A medida que nos aproximábamos a Leningrado, Stephen decidido que era momento de dibujar. «¡Lápiz, Margaret, tesoooro!», dijo. Me divirtió aquel «tesoooro», un margaretismo que había adoptado y que yo no sabía si era automático o más consciente, una parodia humorística. El tren traqueteaba mucho, y yo apenas era capaz de tomar breves notas. Pero Stephen podía perfectamente dibujar, con su velocidad y fluidez de siempre; eso era algo que ya me había asombrado antes, en el avión. (Stephen parecía torpe, pero de pronto daba la impresión de recobrar algunas habilidades motoras, casi instantáneamente, tal como parece ocurrir con algunos autistas. En Amsterdam no había vacilado en recorrer la estrecha pasarela que llevaba hasta una casa flotante, algo que nunca había hecho antes, y eso me recordó a otro joven autista que yo había conocido, quien de pronto recorrió en equilibrio una cuerda floja, con gran pericia y sin miedo, el día después de verlo hacer en el circo.)

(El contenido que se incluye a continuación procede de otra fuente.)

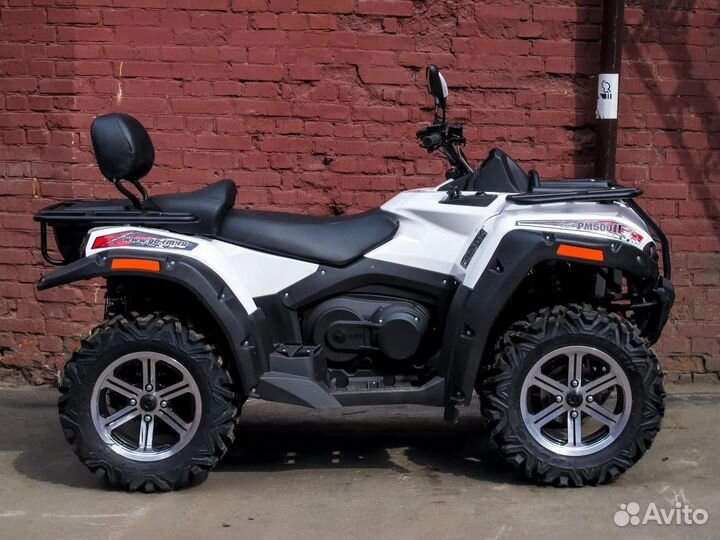 Бензиновый квадроцикл рм 500-2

Finalmente, tras once horas de lento recorrido —la Rusia rural iba apareciendo lentamente ante nosotros—, llegamos a una importante estación de Leningrado, una estación de un esplendor prerrevolucionario, zarista, ya un tanto desdibujado. Todo el panorama de la ciudad, con sus hermosos y bajos edificios del siglo XVIII, podía verse desde las ventanas de nuestro hotel, reluciendo en la blanca noche del norte. Stephen estaba ansioso por verlo a la luz del día, y decidió que lo primero que haría al día siguiente sería dibujarlo. Yo no estaba en la habitación cuando empezó, pero Margaret me contó más tarde que había hecho un interesante inicio en falso. Había un crucero viejo y famoso, el Aurora, amarrado en el Neva, y Stephen lo había dibujado desproporcionadamente en relación con los edificios del otro lado. Cuando se dio cuenta de lo que había hecho, dijo: «Volveré a empezar. No es bueno. No funcionará.» Arrancó otra hoja de papel y volvió a empezar.

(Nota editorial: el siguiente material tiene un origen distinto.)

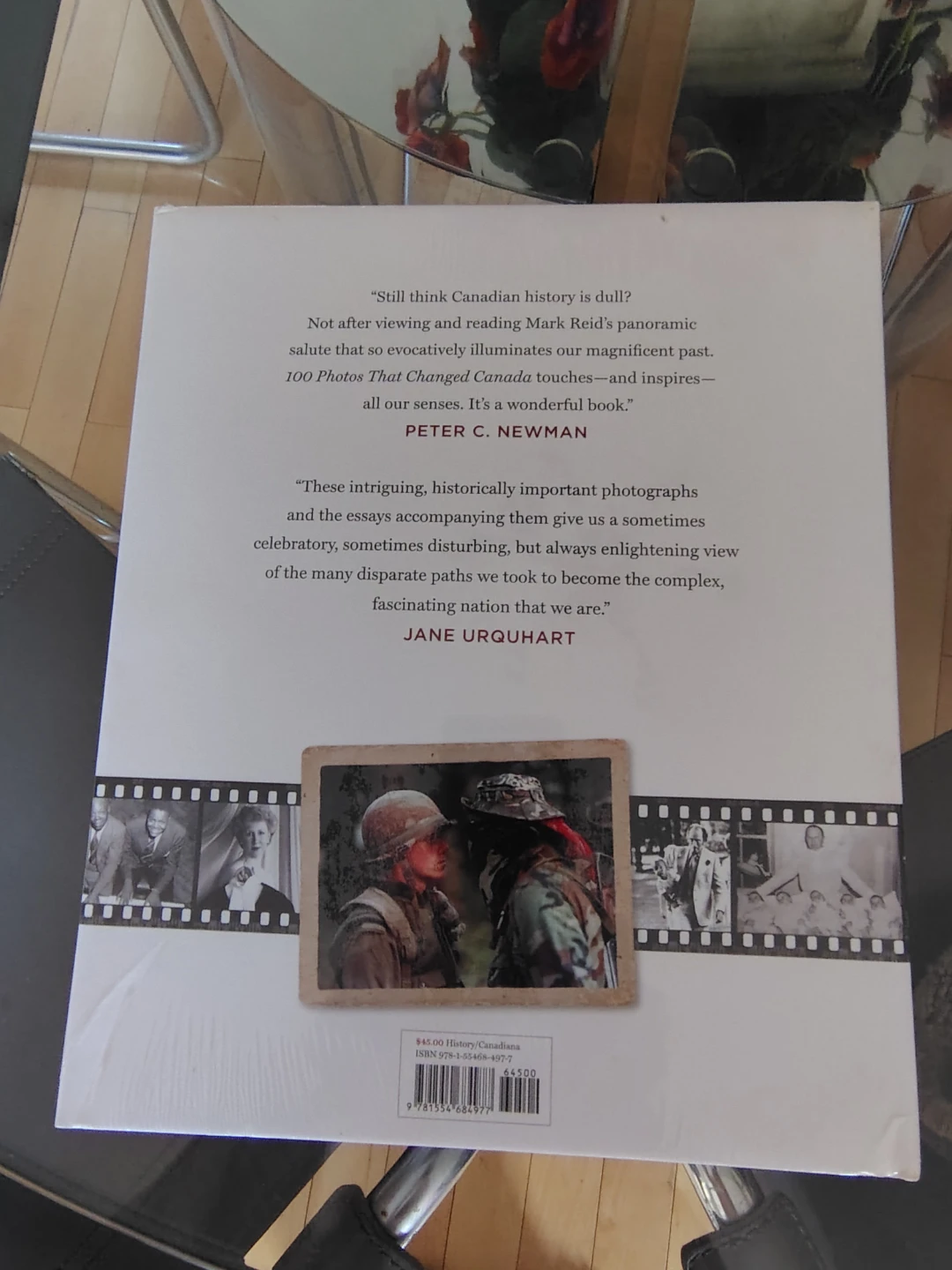 📘 100 Photos That Changed Canada – NEW, Sealed in Plastic! 🎁 - photo 2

La flagrante incongruencia inicial entre el barco y los edificios me hizo pensar en otras pequeñas incongruencias de su obra, el hecho de que a veces utilizara perspectivas múltiples en sus dibujos y que éstas no siempre coincidieran perfectamente.[102]

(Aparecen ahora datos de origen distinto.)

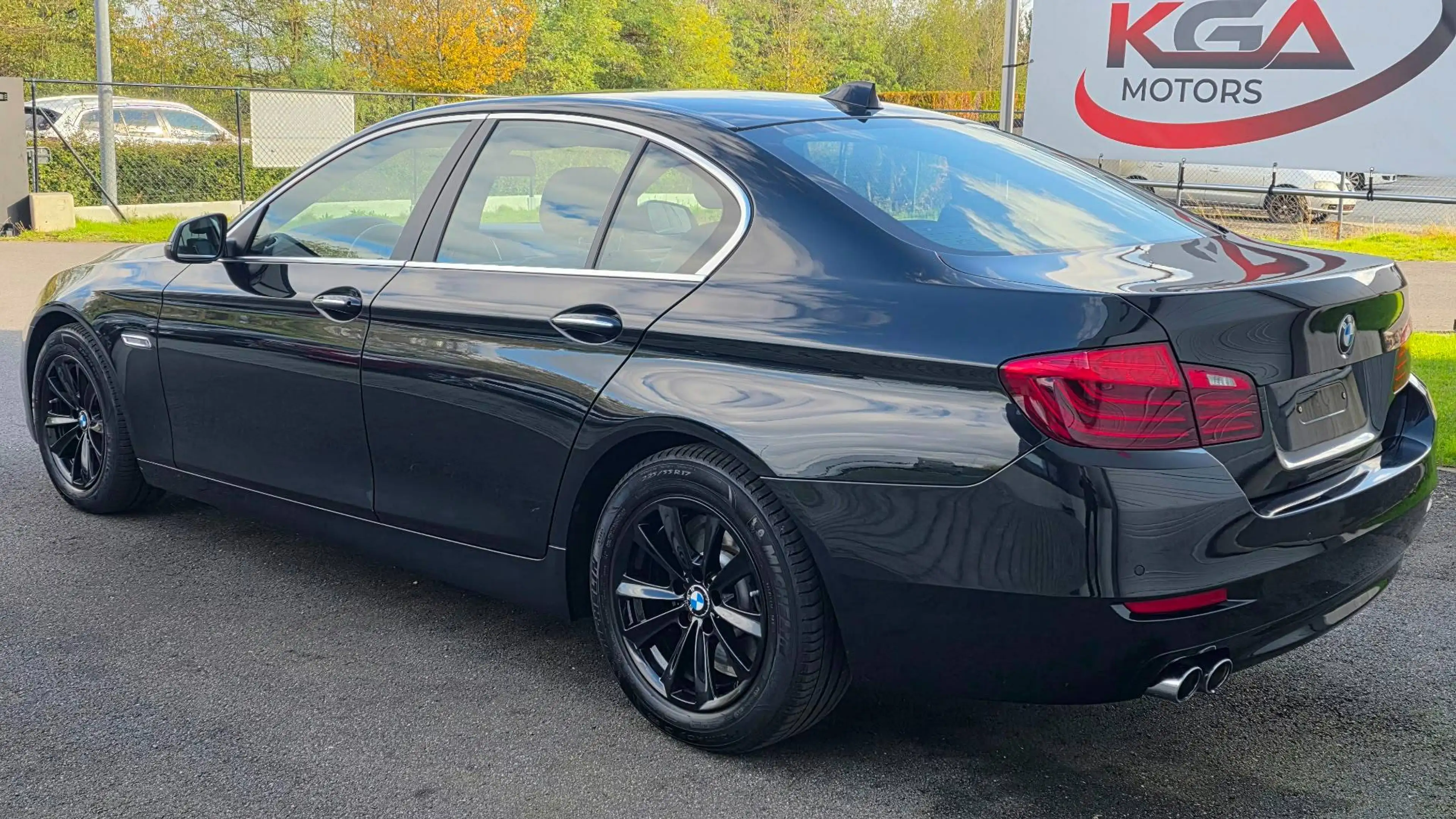 BMW 518 518 dA — photo 4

Ese día fuimos al Monasterio Alexandr Nevski, e inesperadamente nos encontramos en mitad de una boda ortodoxa. El coro lo formaba una turba demacrada y harapienta, conducida por una mujer ciega de brillantes ojos azules. Pero sus voces eran maravillosas, hasta un punto casi intolerable, especialmente la del bajo profundo, que parecía, pensamos Margaret y yo, un escapado del Gulag.
Margaret creía que aquellas voces no afectaban a Stephen, pero yo pensaba lo contrario, que estaba profundamente afectado, lo que nos da una medida de lo difícil que era saber, a veces, qué sentía.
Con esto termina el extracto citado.